WORK REQUEST:
Images should be left out, and everything else in the listing reproduced exactly.

::::

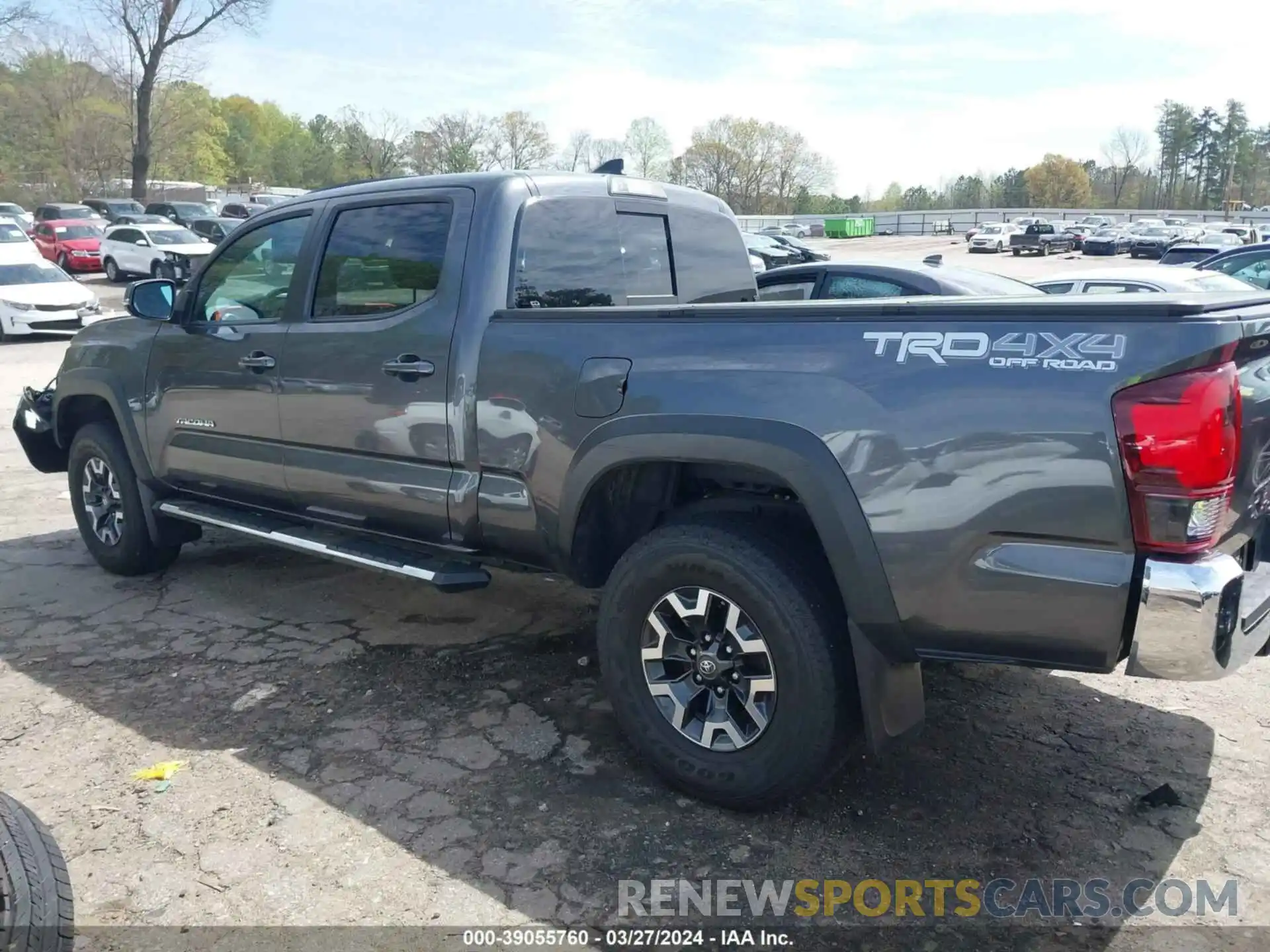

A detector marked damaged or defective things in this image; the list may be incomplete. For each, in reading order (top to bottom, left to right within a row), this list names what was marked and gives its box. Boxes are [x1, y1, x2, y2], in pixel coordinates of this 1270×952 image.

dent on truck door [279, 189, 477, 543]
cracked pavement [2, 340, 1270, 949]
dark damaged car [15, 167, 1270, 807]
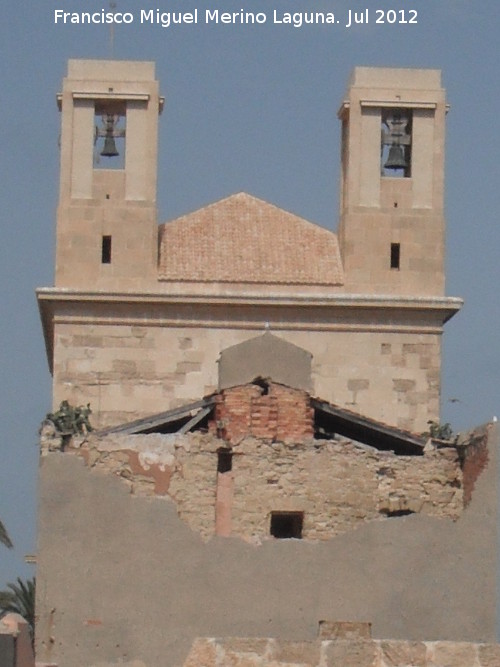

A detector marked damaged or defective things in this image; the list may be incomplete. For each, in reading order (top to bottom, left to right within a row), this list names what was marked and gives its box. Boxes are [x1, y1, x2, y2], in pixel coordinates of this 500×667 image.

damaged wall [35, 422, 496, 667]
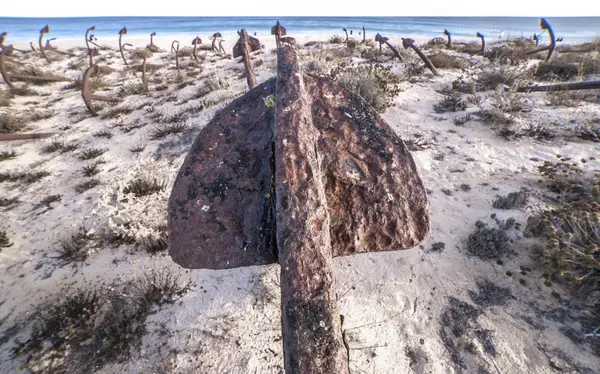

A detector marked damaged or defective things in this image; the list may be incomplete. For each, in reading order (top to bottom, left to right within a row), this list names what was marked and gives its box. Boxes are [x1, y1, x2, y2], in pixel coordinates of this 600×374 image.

::::

EXERCISE SOLUTION:
A detector marked damaged or defective things in this image; the list may be incomplete. For each, in reading order (top to bottom, left to right within a row), this list names what was marked and gives its box. Boxes are [x1, y1, x2, y2], in pixel coordinates of this 1270×952 image.

dent on truck door [279, 189, 477, 543]
cracked pavement [2, 340, 1270, 949]
dark damaged car [15, 167, 1270, 807]

A detector marked damaged or defective things in this image; the list may be incomplete. For each, in reading order (top to bottom, left to right within a row), this list names what was marked and gives its box. Boxes are [x1, y1, x2, y2], in pixel coordinates of this 500×667 image.

damaged wall [35, 422, 496, 667]

A detector marked damaged or defective things in this image; the list may be incomplete. For each, in reading order (top to bottom, left to right within a row), this list names what was marked and gives its box. Boxes are [x1, y1, x2, y2], in pixel coordinates of this 600×374 image.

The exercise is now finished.